Election Day Offers as Many Reasons to Believe as to Doubt
If you want to stay up to learn the winner of the presidential election, maybe skip coffee and consider a three-day meth bender.
The final NBC poll shows Donald Trump at 49 percent and Kamala Harris at 49 percent. The Leger poll taken for the New York Post also shows the same result. Ditto for the survey conducted by Emerson College. The RealClearPolitics poll of polls reveals a 49 percent stalemate as well.
Couple this closeness with the convoluted way in which various states now collect and count ballots — a century ago, Calvin Coolidge knew on Election Night that he won — and Election Day can very easily become, as it did in 2020, Election Week. Coming up with comforting rationalizations seems like the best a nervous nail-biter can do.
On the one hand, Donald Trump underpolled his final count in 2016 and, especially, 2020, when surveys showed Biden registering 3.9 points higher than he actually did on Election Day. Polls habitually undercount Trump. This, coupled with “the Bradley effect,” the name given to the phenomenon of surveys overestimating the performance of black candidates, suggests a better night for the Republican than, say, NPR/Marist College/PBS pollsters forecast.
On the other hand, in a more recent election, 2022, Republicans underperformed both expectations and polls. Possibly the outrage over the Dobbs decision and the former president’s emphasis on the perceived injustice of the 2020 election that fueled Democrats fuels them again.
On the one hand, in five of the seven swing states, including Pennsylvania, Democrats sit in the governor’s office, which awards them an infrastructure of organization unmeasured by polls.
On the other hand, Nevada Gov. Joe Lombardo, one of the two swing-state Republican governors, helped engineer a reversal in early voting that witnessed the GOP, trailing badly in this category in 2020, surpass Democrats by 45,000 voters heading into Election Day.
On the one hand, North Carolina Lt. Gov. Mark Robinson, hampered by fundraising disadvantages and allegations he made offensive comments on a porn site, may drag rather than ride on Trump’s coattails.
On the other hand, North Carolina Republicans, 6 percentage points behind Democrats in 2020 early voting, edged Democrats by a point this time around.
On the one hand, late-deciders generally swing toward the challenger. That’s Trump, right? Right?
On the other hand, Harris, whose face appeared on the back of a milk carton at all during the Biden administration, in some ways feels like the challenger. The New York Times found late-deciders, albeit just 8 percent of the electorate, swinging 55 percent to 44 percent for the vice president.
On the one hand, Republican registration surged vis-à-vis Democrats since 2022.
On the other hand, this may merely align registration with existing voting patterns and not change anything on Election Day.
On the one hand, Trump felt a momentum surge in October.
On the other hand, it may have arrived too soon, as polls show that momentum stop and recede toward Harris in the closing days.
On the one hand, women vote in higher proportions than men.
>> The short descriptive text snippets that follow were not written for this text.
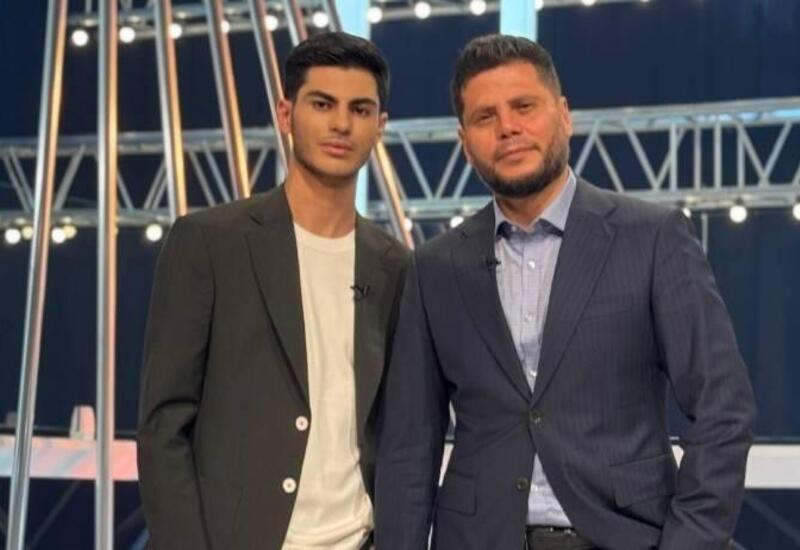 Azərbaycanlı müğənni Zaur Kamalın oğluna bahalı avtomobil alır?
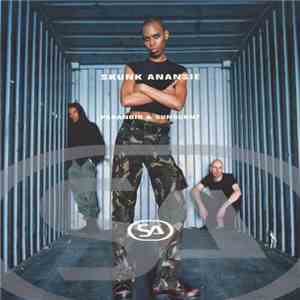 Skunk Anansie - Paranoid & Sunburnt mp3 album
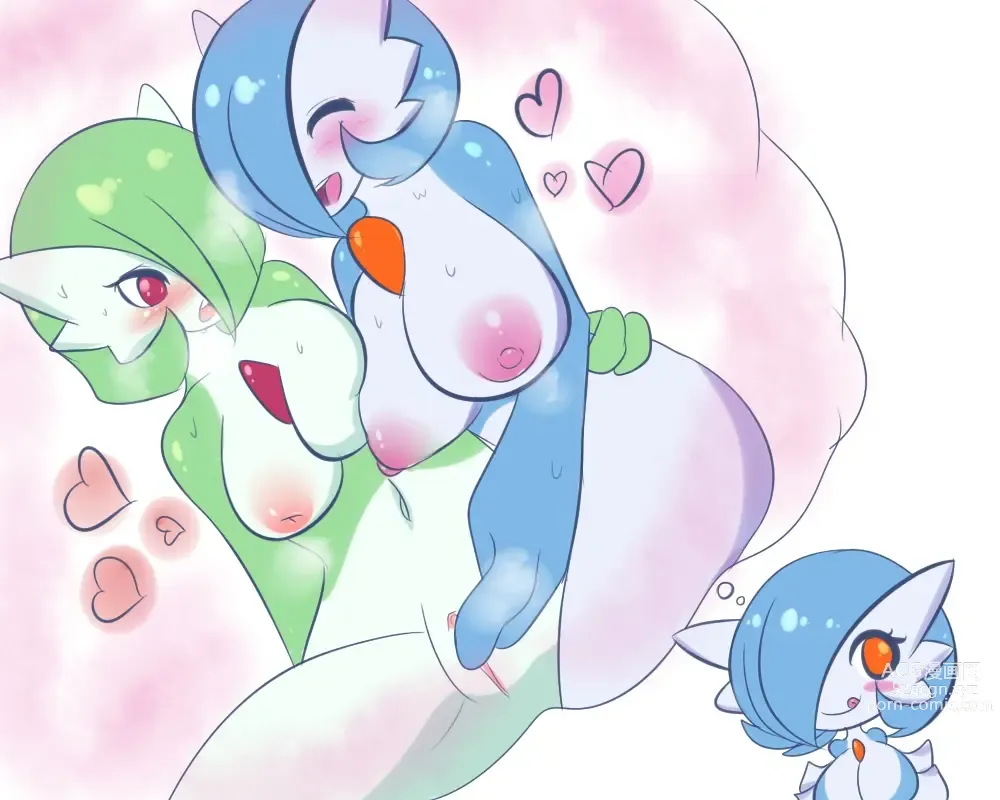 Page 634 of imageset Furry - Gardevoir Collection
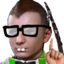 AtreusNerd emote for Discord
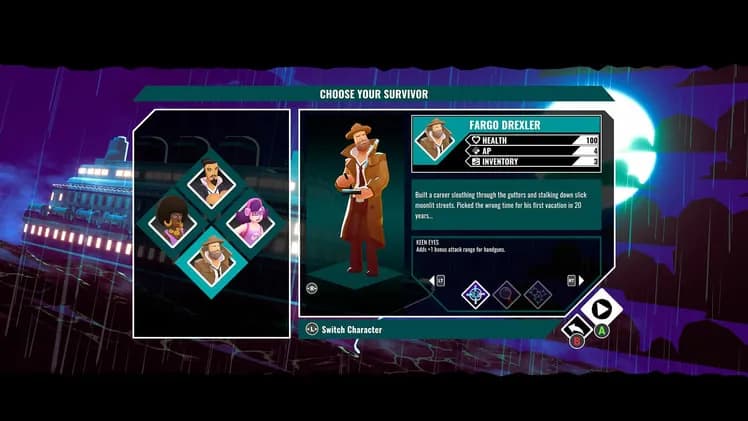 Dread Nautical screenshot screenshot 5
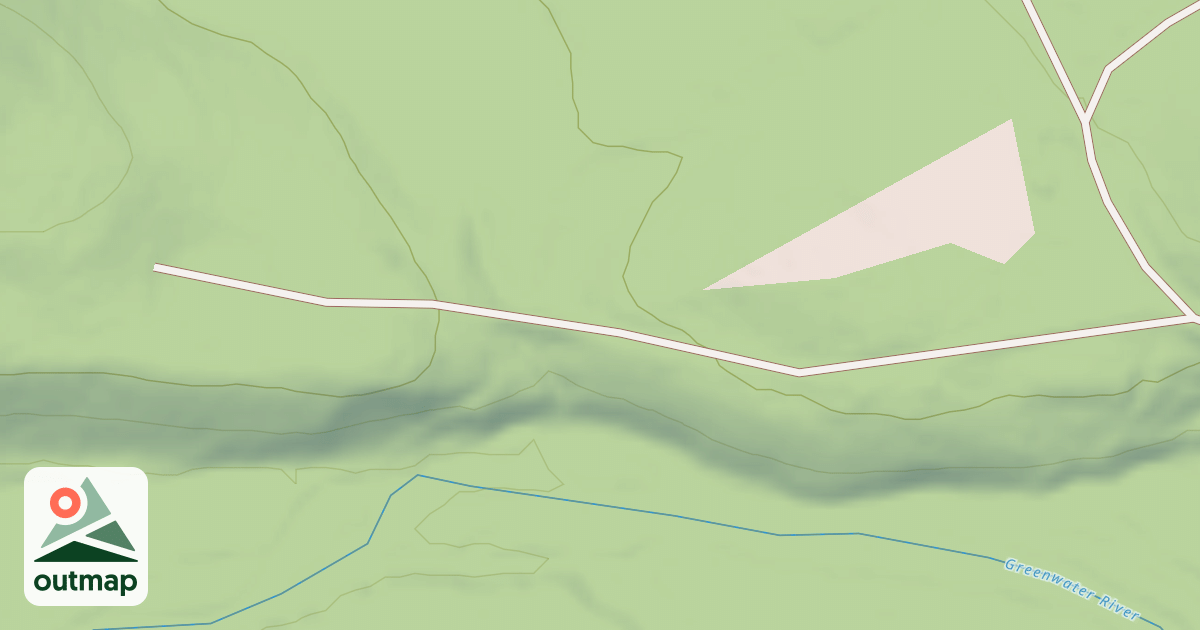 Map of HUC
Each candidate suffers from a gender gap among the opposite sex, but given that women represent a larger portion of the population and a greater proportion of them vote, this feels like worse news for Trump.
On the other hand, Donald Trump surges among Hispanics and in one poll actually beats Harris.
On the one hand, Donald Trump courageously raised his fist and yelled “Fight, Fight Fight” after an assassin came within centimeters of taking his life. How can he lose after winning so dramatically in Butler, Pennsylvania?
On the other hand, Democrats replaced Biden with Harris, who performed better than Biden in a debate setting, ran a more effective campaign, and infused life to a moribund party.
On the one hand, one can mine the internet for data, factoids, and historical context that provide comfort by buttressing the idea of one’s desired result.
On the other hand, nagging doubts last for both sides until officials count the final votes in Pennsylvania, Georgia, Michigan, and beyond. Tuesday may prove a long night’s journey into day — and then into another day or two.